• **Try it**: Omitting any pictures, transcribe the entries below exactly.
□ □ □ □ □ □ □
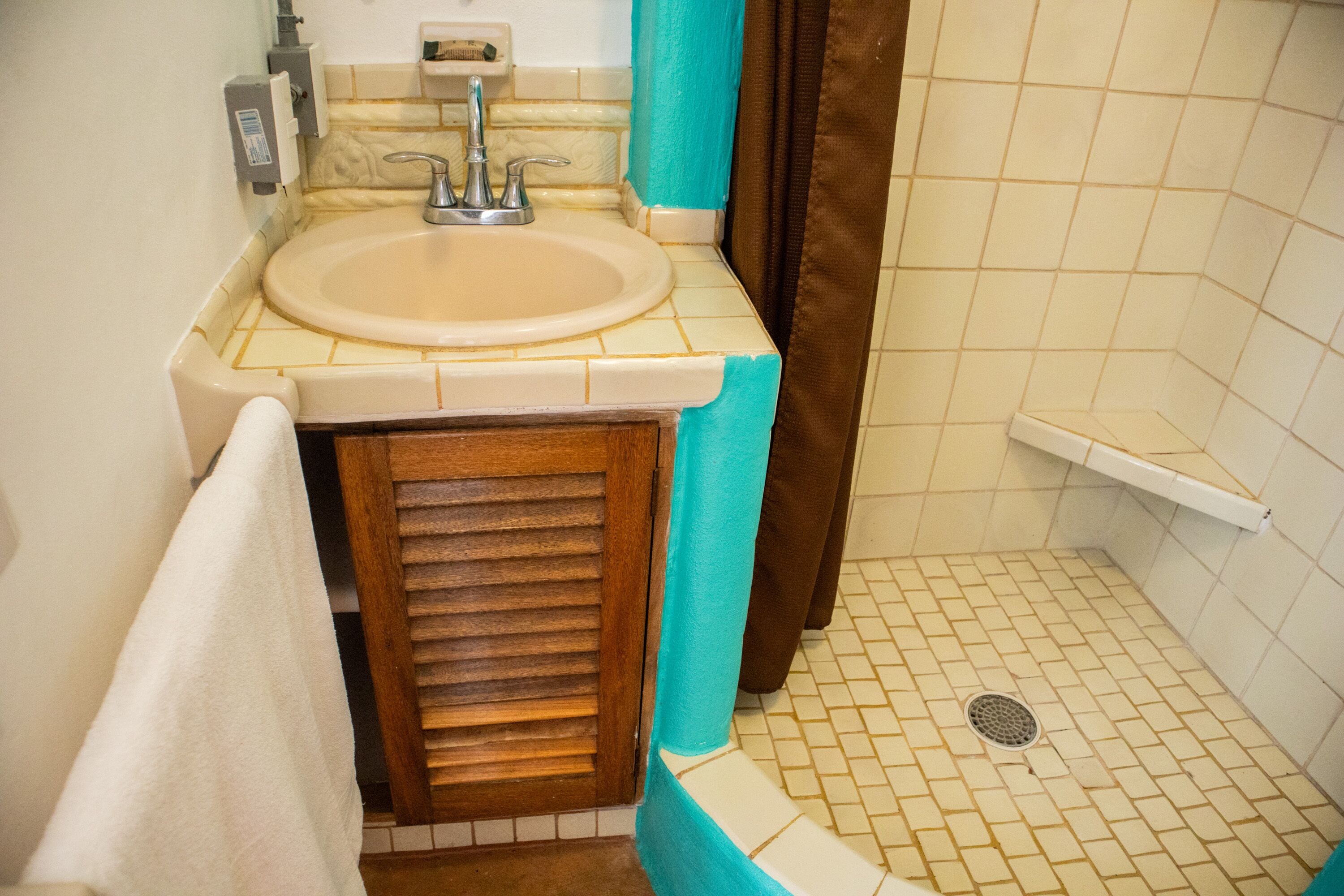 A bathroom with a sink, a shower, and a tiled floor.
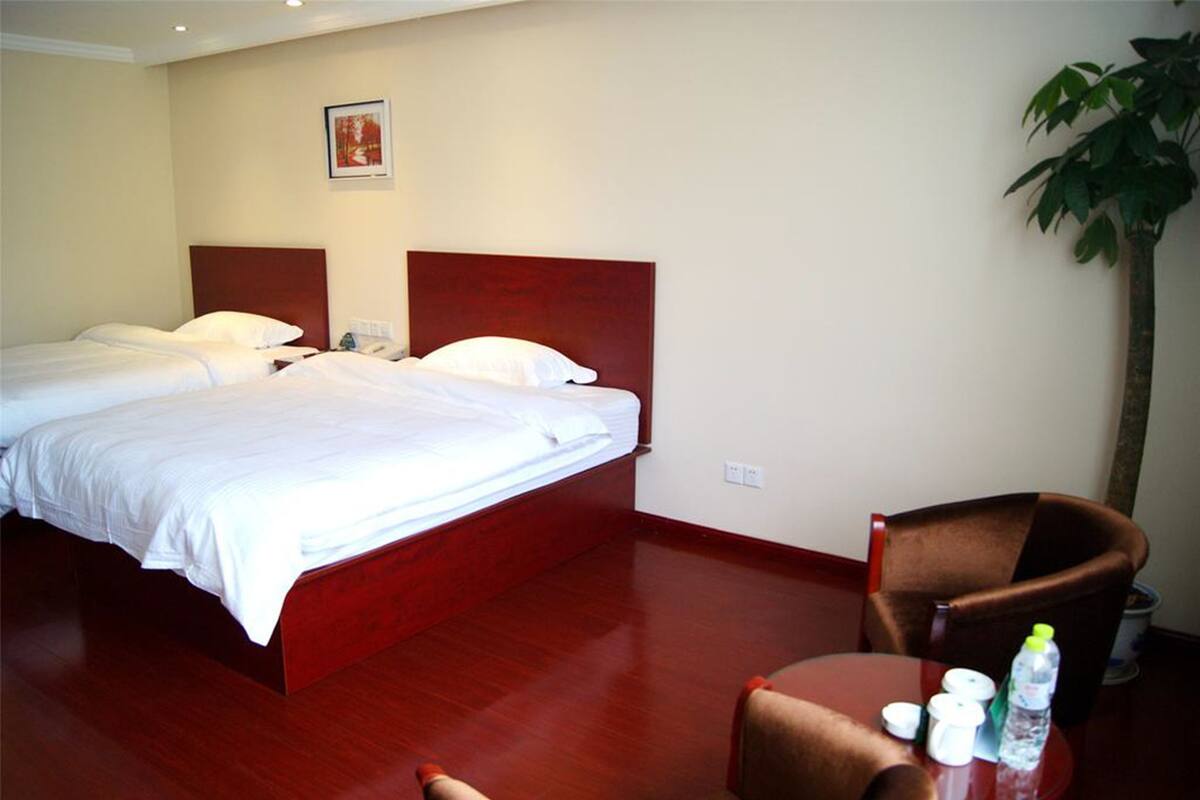 A hotel room with two beds, a wooden headboard, a small table with a chair, and a potted plant.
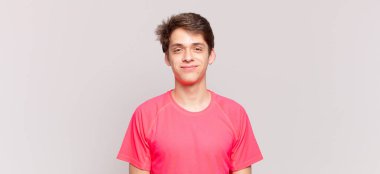 Genç çocuk pozitif ve kendinden emin gülümsüyor. Tatmin olmuş, arkadaş canlısı ve mutlu görünüyor.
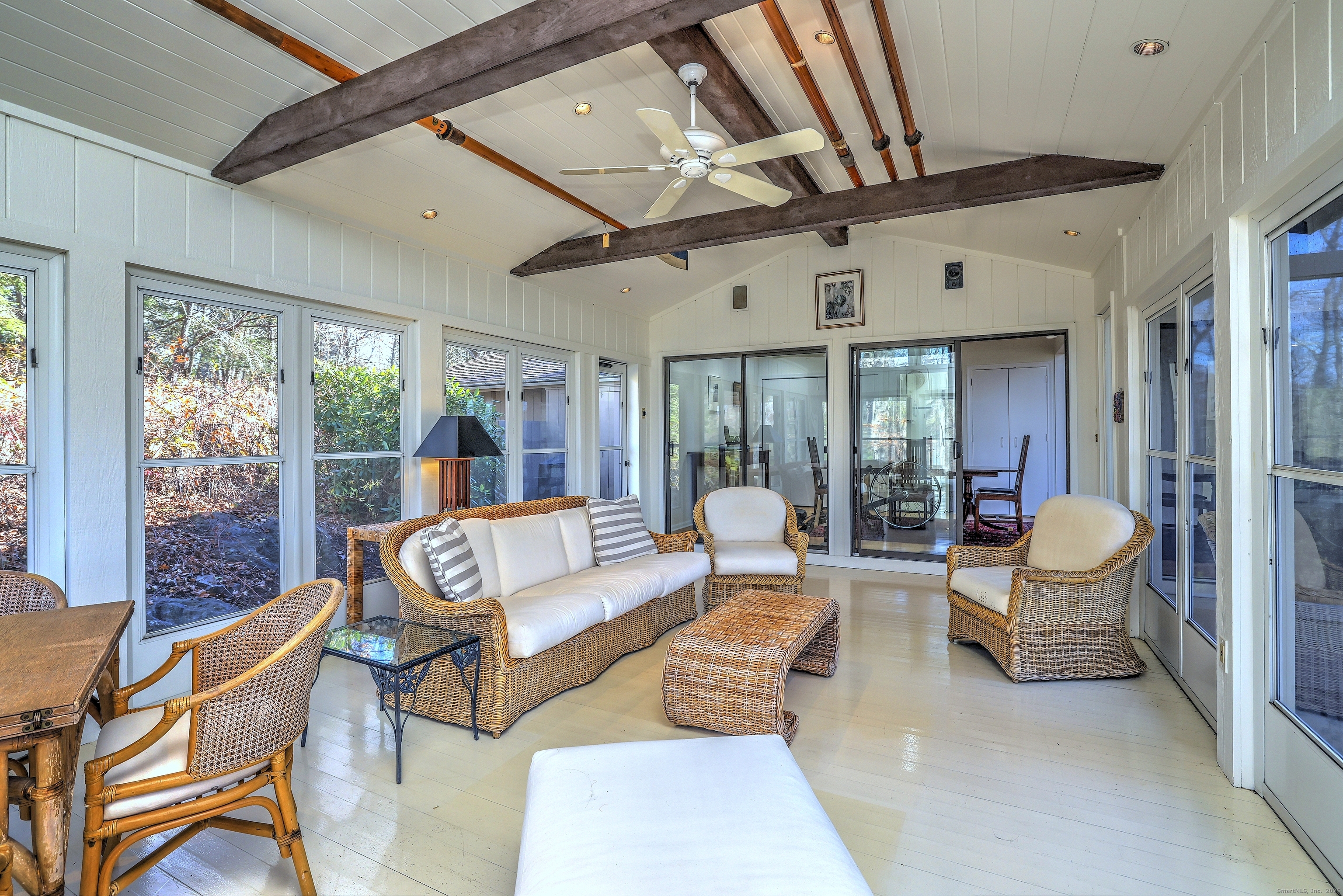 70 Woodfield Road Woodbridge, CT 06525 - Photo 12 of 37 a living room with patio furniture and a large window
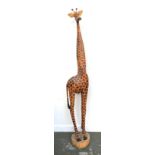 A carved and painted wooden stylised giraffe, 165cmH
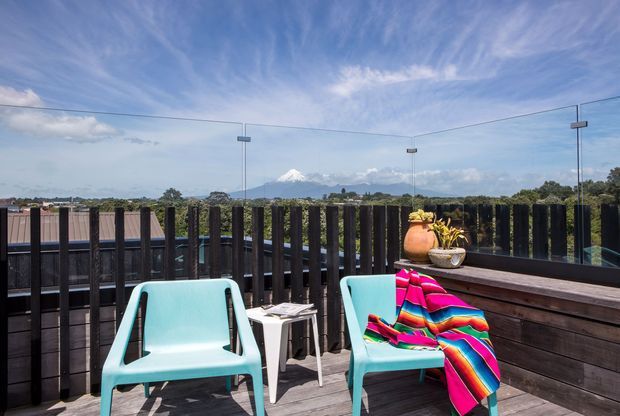 A sunny elevated outdoor deck or balcony with dark timber decking and privacy screening, clear glass balustrades, and two turquoise outdoor chairs around a small white side table. A colourful striped throw adds a vivid accent, while the view beyond includes trees, open landscape, and a distant snow-capped mountain under a blue sky.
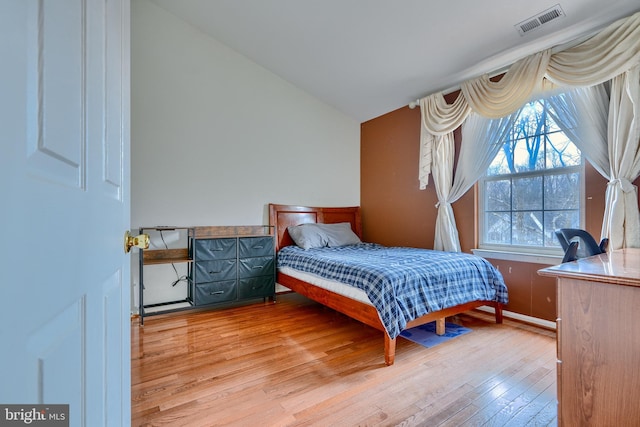 bedroom featuring light hardwood / wood-style floors and vaulted ceiling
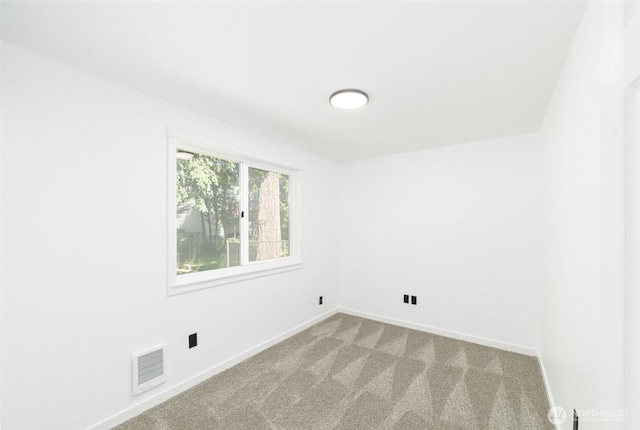 15310 25th St E, Tacoma, WA 98445 - carpeted spare room featuring baseboards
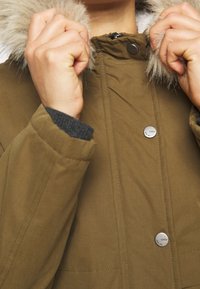 Olive green jacket with a fur-lined hood, featuring snap buttons, a quilted texture, and knit cuff detail. Hands grasping the collar.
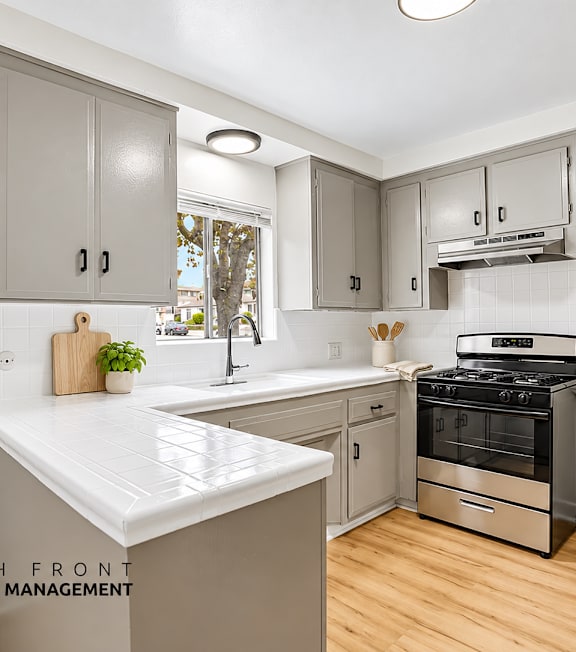A well-lit, modern kitchen and living room with a dining area.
□ □ □ □ □ □ □
• **Expected output**:
 A bathroom with a sink, a shower, and a tiled floor.
 A hotel room with two beds, a wooden headboard, a small table with a chair, and a potted plant.
 Genç çocuk pozitif ve kendinden emin gülümsüyor. Tatmin olmuş, arkadaş canlısı ve mutlu görünüyor.
 70 Woodfield Road Woodbridge, CT 06525 - Photo 12 of 37 a living room with patio furniture and a large window
 A carved and painted wooden stylised giraffe, 165cmH
 A sunny elevated outdoor deck or balcony with dark timber decking and privacy screening, clear glass balustrades, and two turquoise outdoor chairs around a small white side table. A colourful striped throw adds a vivid accent, while the view beyond includes trees, open landscape, and a distant snow-capped mountain under a blue sky.
 bedroom featuring light hardwood / wood-style floors and vaulted ceiling
 15310 25th St E, Tacoma, WA 98445 - carpeted spare room featuring baseboards
 Olive green jacket with a fur-lined hood, featuring snap buttons, a quilted texture, and knit cuff detail. Hands grasping the collar.
A well-lit, modern kitchen and living room with a dining area.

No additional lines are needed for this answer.